My mother's father was shot in 1920, six months before my mother was born. My grandmother was left with a three-year-old girl, a five-year-old boy, and a baby yet to be born (my mother). The year before, my grandmother had a four-month-old boy die.
When my grandfather was killed, my grandmother moved in with her mother, "Maw," as my mother called her own grandmother. Maw lived on the "Old Home Place," ninety acres that her grandfather had bought when he came over the mountains from North Carolina into Mississippi. (By the way, my great-grandmother was a college-educated woman.) My pregnant grandmother had security and a place in the fabric of the times.
So, there were two women (one pregnant), two toddlers, and a farm, all alone. As it turned out, their security was short-lived. My grandmother's sister married a horrid, violent man who managed to cheat my ggmother out of the property on which she had lived all her life, all they had in this world. By this time, the five-year-old boy was a teen, helpless against a ruthless man.
Mama told me with much bitterness, sorrow, and shame of seeing her teen brother guiding the plow while her mother pulled it... like a mule.

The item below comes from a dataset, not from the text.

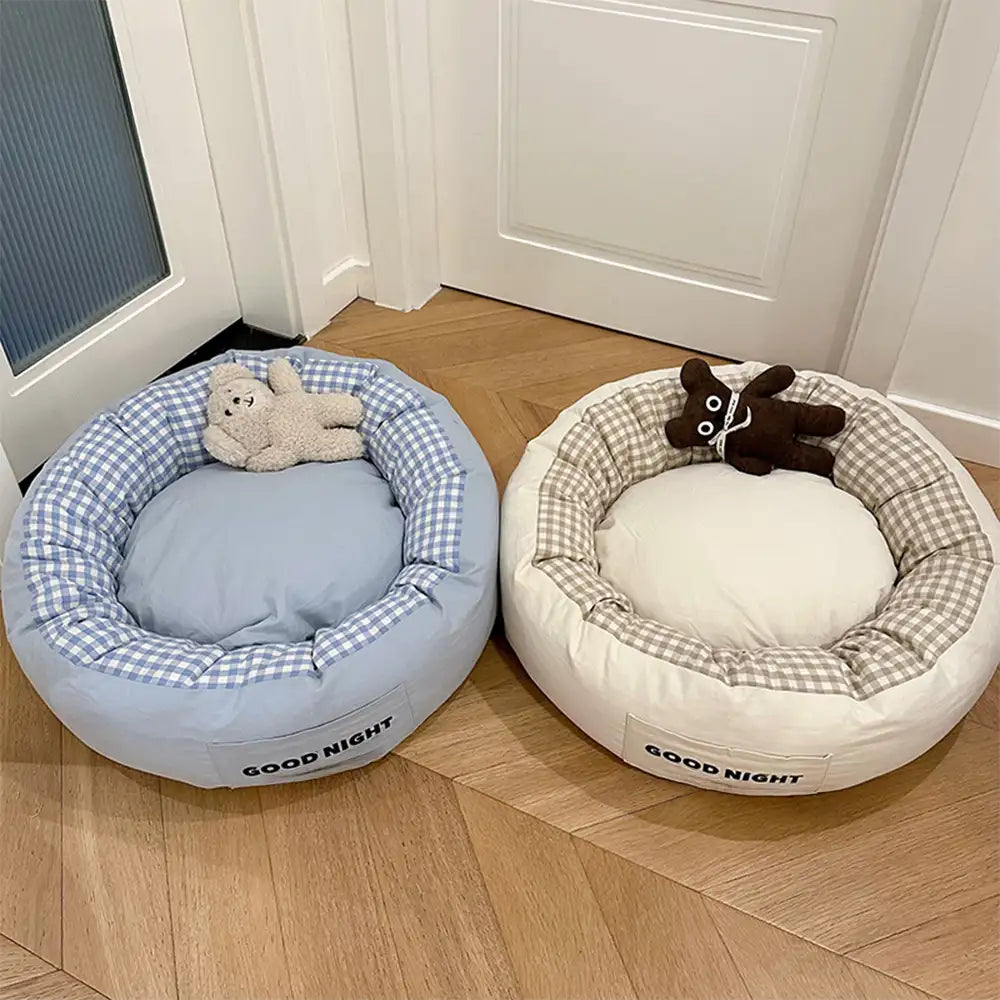 Gute Nacht Tiefschlaf Rundum Beruhigendes Hundebett mit Bären-Spielzeug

Her eyes filled with tears and her chin trembled because of this painful childhood memory. I was a teen when she told me. Later, I learned as an adult that my uncle, aunt, and my mother laid all the problems squarely at the feet of their uncle who took over the property and put them off the land.
When Mama wanted a short coat, my grandmother showed her how to shorten a long coat. When Mama needed a new dress in high school, my grandmother went to a store in a larger town and asked for credit, something not done in that time, not for a store bought dress. The store owner was a lifelong friend of my grandmother. Mama got her dress and my grandmother sewed for people to pay the store owner. My grandmother could sew, but Mama was probably like many young girls, wanted a new, store-bought dress to wear for a fancy occasion. Besides, I remember it was something my grandmother could not make, maybe a sweater knit.

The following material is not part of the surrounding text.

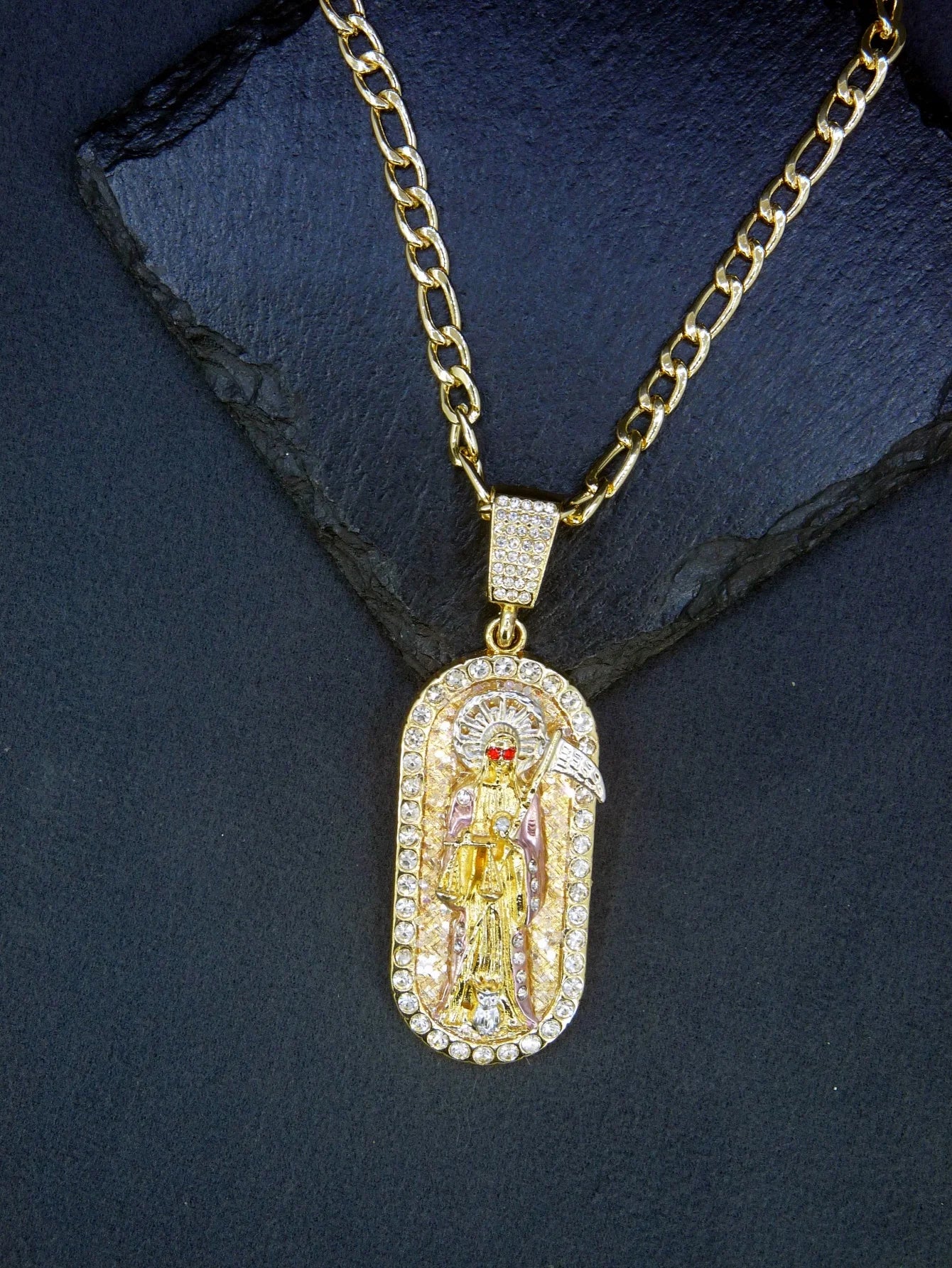 The Isolde Pendant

When Mama was in school, her mother worked at the school cafeteria. The school or the cafeteria allowed my grandmother (Memaw) to take food home that was cooked and not served that day. Mama said that there were days that was all they had to eat at home for their dinner. "I don't know what we would have done if she could not have brought home food." By this time, they were off their ninety acres of land and my great-grandmother had died. The widow was alone.

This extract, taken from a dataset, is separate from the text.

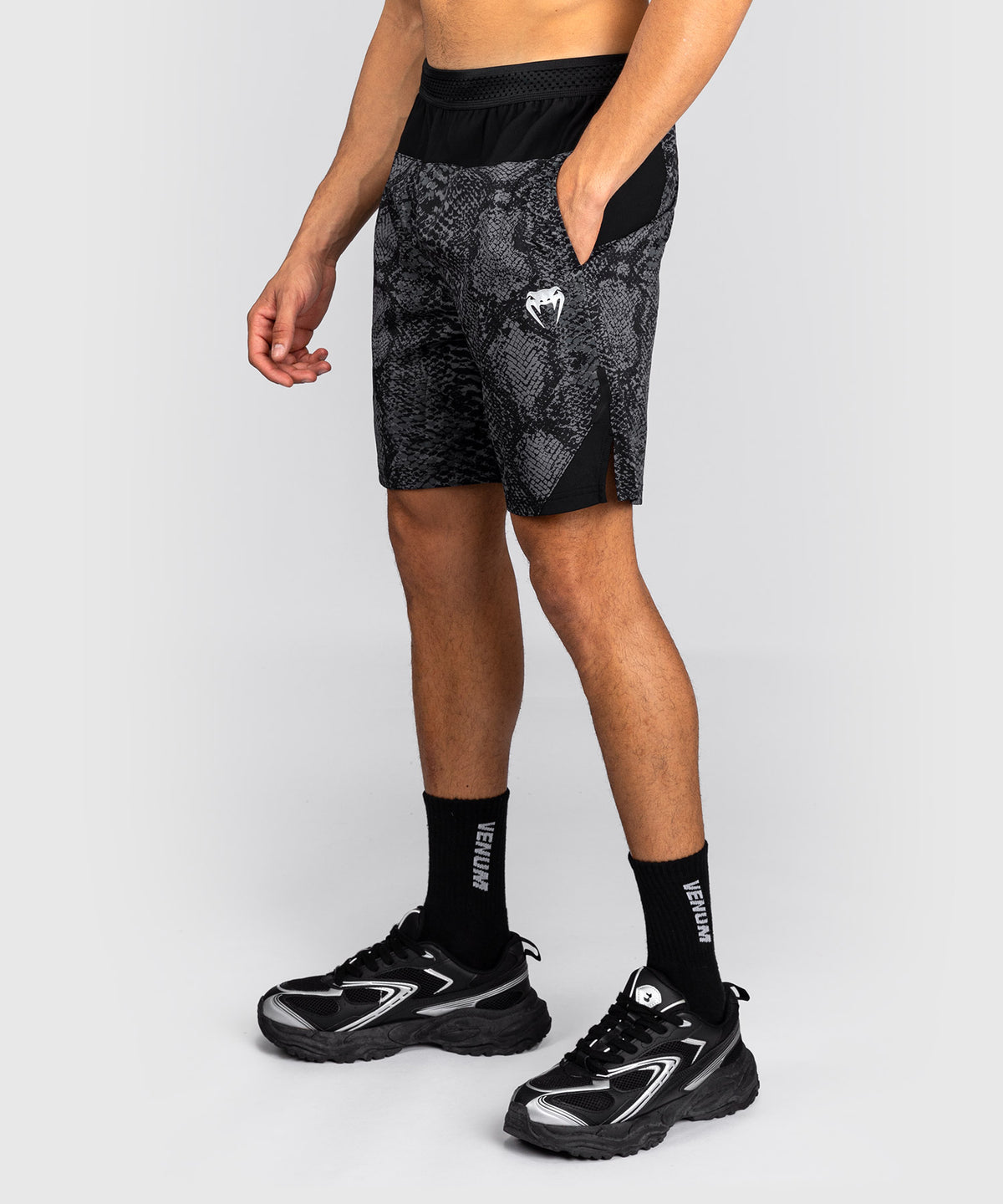 Venum G-Fit Scales Pantaloncini da Allenamento – Nero/Grigio Carbone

Mama, with pride in her voice, told me that the only thing they ever took from the government was one pair of shoes. They had it hard, she said; they were not poor, she said. They managed. I took this conversation with my mother at face value, but now, almost sixty-years later, I wonder. Maybe Mama did not want a young child, me, to worry and fear the past might reassert itself.
Mama's sister, my aunt, said everyone was poor, and they were poor before the Depression, so it was sort of a nothing event to them. My aunt said they suffered no more when the Depression hit. It's funny how two daughters raised four years apart in the same home could view such a watershed event and come to different conclusions.
My grandmother never remarried. I often wonder why. Mama played it like devotion to her own father. Maybe that is a child's fantasy held onto into adulthood. It is possible the security of my ggmother's home made it unnecessary to find a husband. Plus, her own mother was getting old enough to need someone with her since my ggmother's own husband was dead.
They always had a cow to milk and chickens for eggs and meat. They raised some food, not sure what. Of course, they had an outhouse. They heated and cooked with wood. Mama told me about going to the spring for water and being bitten by a Water Moccasin, also called a Cottonmouth.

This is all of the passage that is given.